### Collected material

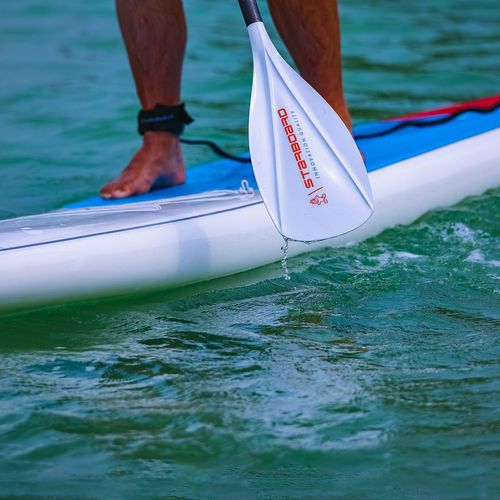 Pala para tabla de stand-up paddle - TUFSKIN  - Starboard - de recreo / de iniciación / simétrica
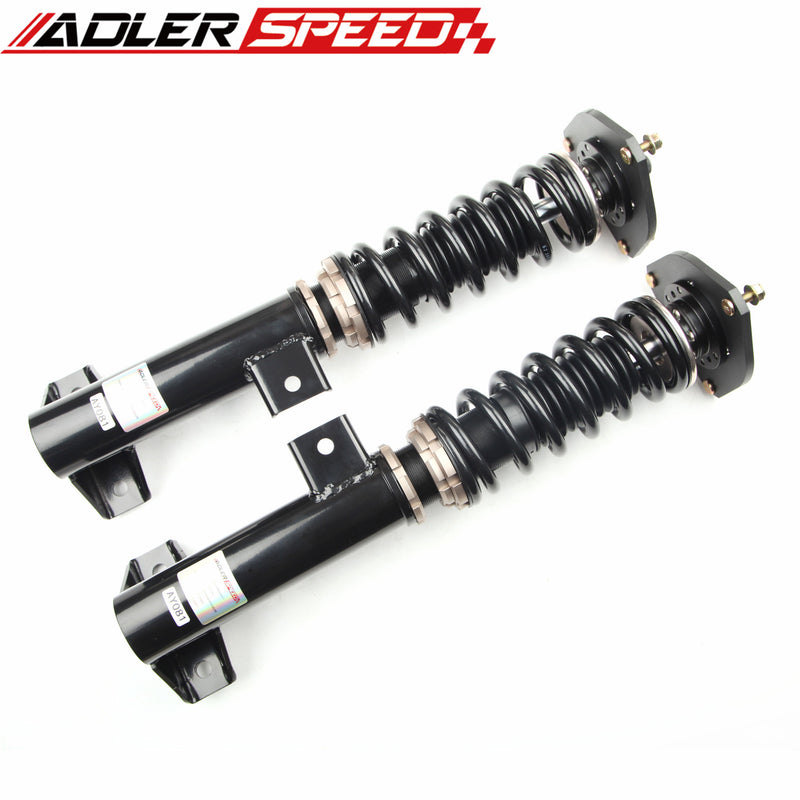 US SHIP ADLERSPEED 32 Level Adjustable Coilovers Kit For C-CLASS W204 RWD SEDAN 07-14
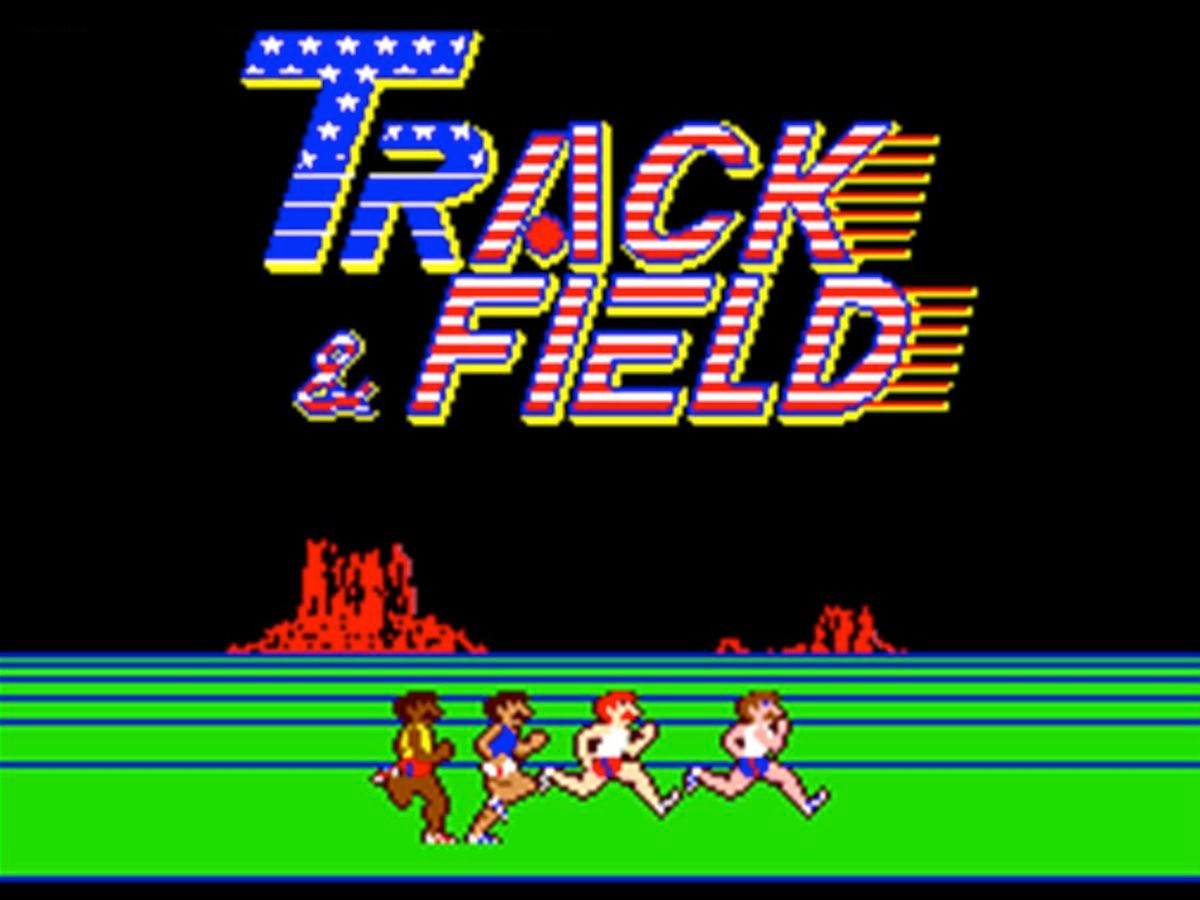 Olympic video games: Why Konami's original Track & Field can be summed up by a quote from The Big Lebowski | Financial Post Olympic video games: Why Konami's original Track & Field can be summed up by a quote from The Big Lebowski | Financial Post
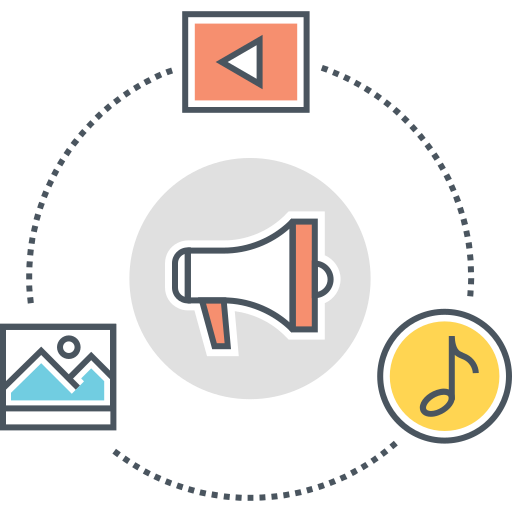  brand management icon by pictel technology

### Exercise description
Find the line containing "Financial Post Olympic" and copy it and each line after it through the end of the material, exactly, with no pictures.

### Answer to this task
 Olympic video games: Why Konami's original Track & Field can be summed up by a quote from The Big Lebowski | Financial Post Olympic video games: Why Konami's original Track & Field can be summed up by a quote from The Big Lebowski | Financial Post
  brand management icon by pictel technology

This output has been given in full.